I have been working on some code. My usual approach is to first solve all of the pieces of the problem, creating the loops and other pieces of code I need as I work through the problem and then if I expect to reuse the code I go back through it and group the parts of code together that I think should be grouped to create functions.
I have just noticed that creating functions and calling them seems to be much more efficient than writing lines of code and deleting containers as I am finished with them.
for example:
def someFunction(aList):
do things to aList
that create a dictionary
return aDict
seems to release more memory at the end than
>>do things to alist
>>that create a dictionary
>>del(aList)
Is this expected behavior?
EDIT added example code
When this function finishes running the PF Usage shows an increase of about 100 mb the filingsList has about 8 million lines.
def getAllCIKS(filingList):
cikDICT=defaultdict(int)
for filing in filingList:
if filing.startswith('.'):
del(filing)
continue
cik=filing.split('^')[0].strip()
cikDICT[cik]+=1
del(filing)
ciklist=cikDICT.keys()
ciklist.sort()
return ciklist
allCIKS=getAllCIKS(open(r'c:\filinglist.txt').readlines())
If I run this instead I show an increase of almost 400 mb
cikDICT=defaultdict(int)
for filing in open(r'c:\filinglist.txt').readlines():
if filing.startswith('.'):
del(filing)
continue
cik=filing.split('^')[0].strip()
cikDICT[cik]+=1
del(filing)
ciklist=cikDICT.keys()
ciklist.sort()
del(cikDICT)
EDIT
I have been playing around with this some more today. My observation and question should be refined a bit since my focus has been on the PF Usage. Unfortunately I can only poke at this between my other tasks. However I am starting to wonder about references versus copies. If I create a dictionary from a list does the dictionary container hold a copy of the values that came from the list or do they hold references to the values in the list? My bet is that the values are copied instead of referenced.
Another thing I noticed is that items in the GC list were items from containers that were deleted. Does that make sense? Soo I have a list and suppose each of the items in the list was [(aTuple),anInteger,[another list]]. When I started learning about how to manipulate the gc objects and inspect them I found those objects in the gc even though the list had been forcefully deleted and even though I passed the 0,1 & 2 value to the method that I don't remember to try to still delete them.
I appreciate the insights people have been sharing. Unfortunately I am always interested in figuring out how things work under the hood.
Maybe you used some local variables in your function, which are implicitly released by reference counting at the end of the function, while they are not released at the end of your code segment?
You can use the Python garbage collector interface provided to more closely examine what (if anything) is being left around in the second case. Specifically, you may want to check out gc.get_objects() to see what is left uncollected, or gc.garbage to see if you have any reference cycles.
Some extra memory is freed when you return from a function, but that's exactly as much extra memory as was allocated to call the function in the first place. In any case - if you seeing a large amount of difference, that's likely an artifact of the state of the runtime, and is not something you should really be worrying about. If you are running low on memory, the way to solve the problem is to keep more data on disk using things like b-trees (or just use a database), or use algorithms that use less memory. Also, keep an eye out for making unnecessary copies of large data structures.

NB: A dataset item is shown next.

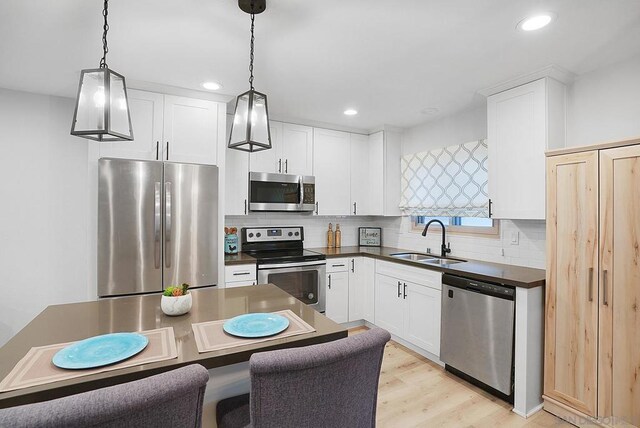 kitchen with a center island, sink, light hardwood / wood-style flooring, decorative light fixtures, and stainless steel appliances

The real memory savings in creating functions is in your short-term memory. By moving something into a function, you reduce the amount of detail you need to remember by encapsulating part of the minutia away.
Maybe you should re-engineer your code to get rid of unnecessary variables (that may not be freed instantly)... how about the following snippet?
myfile = file(r"c:\fillinglist.txt")
ciklist = sorted(set(x.split("^")[0].strip() for x in myfile if not x.startswith(".")))
EDIT: I don't know why this answer was voted negative... Maybe because it's short? Or maybe because the dude who voted was unable to understand how this one-liner does the same that the code in the question without creating unnecessary temporal containers?
Sigh...
I asked another question about copying lists and the answers, particularly the answer directing me to look at deepcopy caused me to think about some dictionary behavior. The problem I was experiencing had to do with the fact that the original list is never garbage collected because the dictionary maintains references to the list. I need to use the information about weakref in the Python Docs.
objects referenced by dictionaries seem to stay alive. I think (but am not sure) the process of pushing the dictionary out of the function forces the copy process and kills the object. This is not complete I need to do some more research.
Related
Pretty simple question:
I have some code to show some graphs, and it prepares data for the graphs, and I don't want to waste memory (limited)... is there a way to have a "local scope" so when we get to the end, everything inside is freed?
I come from C++ where you can define code inside { ... } so at the end everything is freed, and you don't have to care about anything
Anything like that in python?
The only thing I can think of is:
def tmp():
... code ...
tmp()
but is very ugly, and for sure I don't want to list all the del x at the end
If anything holds a reference to your object, it cannot be freed. By default, anything at the global scope is going to be held in the global namespace (globals()), and as far as the interpreter knows, the very next line of source code could reference it (or, another module could import it from this current module), so globals cannot be implicitly freed, ever.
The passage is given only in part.